His administration also has been criticised over COVID-19 test kit shortages and long lines at testing sites around the country last month, which coincided with the rapid spread of the highly contagious Omicron variant of the coronavirus.
Biden on Wednesday promised to complete the US’s post-pandemic economic recovery, and also talked up his administration’s efforts to combat the coronavirus, including recent initiatives to provide free at-home testing and N95 masks to people across the country.
“Should we have done more testing earlier? Yes,” Biden said. “But we’re doing more now. We’ve gone from zero at-home tests a year ago, to 375 million tests on the market in just this month.”
The US Centers for Disease Control and Prevention (CDC) figures show that 67 percent of eligible Americans above five years of age are now fully vaccinated, and nearly 80 percent have received at least one dose.
But vaccination efforts plateaued months into the Biden administration, hitting a wall of vaccine hesitancy and anti-vaccination attitudes fuelled by misinformation. As of mid-December, 15 percent of all American adults had not received a single jab, according to government data.
On Wednesday, Biden renewed his plea for Americans to get their jabs, including booster shots for those eligible. “We’re going to stick with our vaccination efforts because vaccinations works. So get vaccinated, please, and get your booster,” he said.
The president also ruled out returning to lockdowns and school closures, saying that the virus “won’t be a crisis but something to protect against and a threat”.
Roadblocks in Congress
Republicans were quick to criticise Biden’s remarks, blaming government spending for inflation and accusing the president of being weak on Russia.

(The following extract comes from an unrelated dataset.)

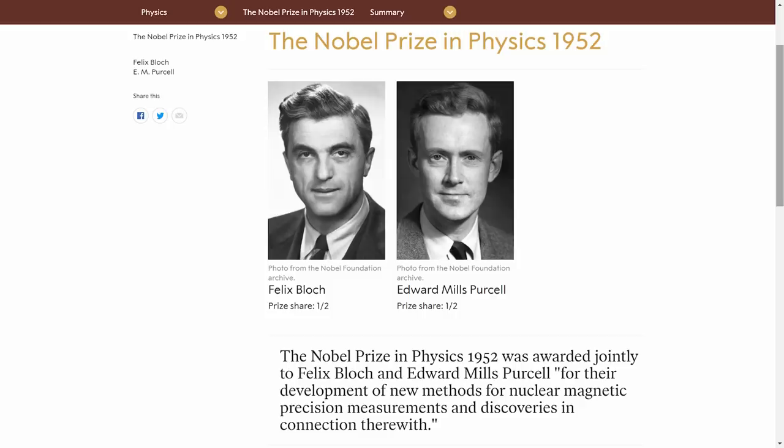Nuclear magnetic resonance was discovered already in the 1940s by Felix Bloch and Edward Purcell. They received a Nobel Prize for their discovery in 1952. The first human body scan using this technology was done in New York in 1977.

The US has been engaged in weeks of diplomatic efforts to defuse tensions over Russia’s military buildup near its border with Ukraine, warning that it would impose harsh economic measures should Russian President Vladimir Putin choose to invade.
“All I hear from President Biden right now is excuses,” Republican Congressman Fred Keller wrote on Twitter. “Excuses for one year of failed leadership.”

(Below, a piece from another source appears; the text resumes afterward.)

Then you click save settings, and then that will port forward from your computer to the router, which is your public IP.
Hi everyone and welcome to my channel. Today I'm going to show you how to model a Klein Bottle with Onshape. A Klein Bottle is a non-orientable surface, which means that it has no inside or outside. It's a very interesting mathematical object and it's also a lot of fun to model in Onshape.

Progressive observers disappointed with Biden’s inability so far to deliver on his election promises also criticised the president over his speech on Wednesday.
“GOPers are reactionaries – Dems have repeatedly since the 1970s pursued neoliberalism – Biden projected a dramatic change but has failed to fight and encourage the fight in his fellow citizens,” Harvey Kaye, a professor emeritus of democracy and justice studies at the University of Wisconsin-Green Bay, wrote on Twitter.
While Biden won the most votes of any US presidential candidate in history when he defeated Donald Trump in 2020, his ambitious plan to expand the social safety net and reverse some of his predecessor’s hardline policies has hit setbacks on Capitol Hill.
Senator Joe Manchin, of West Virginia, dealt a big blow to the administration when he announced that he would not support Biden’s Build Back Better legislation, a giant spending bill that aimed to boost social programmes and investments in green energy.
Manchin and Senator Kyrsten Sinema have also voiced opposition to Democrats’ efforts to abolish a Senate rule known as the filibuster in their push to pass legislation that would protect US voting rights.
To pass voting rights bills, Democrats needed to abolish or at least weaken the filibuster, which enables the minority party in the 100-member Senate to block major legislation by requiring a 60-vote threshold for bills to pass.
On Wednesday, Biden pledged to continue to work with senators to move his agenda forward.
“I didn’t over-promise,” he said, acknowledging that while passing voting rights protections would be “difficult” amid Republican opposition, the door is still open. “We’re not there yet. We have not run out of options, yet. We’ll see how this goes,” Biden said.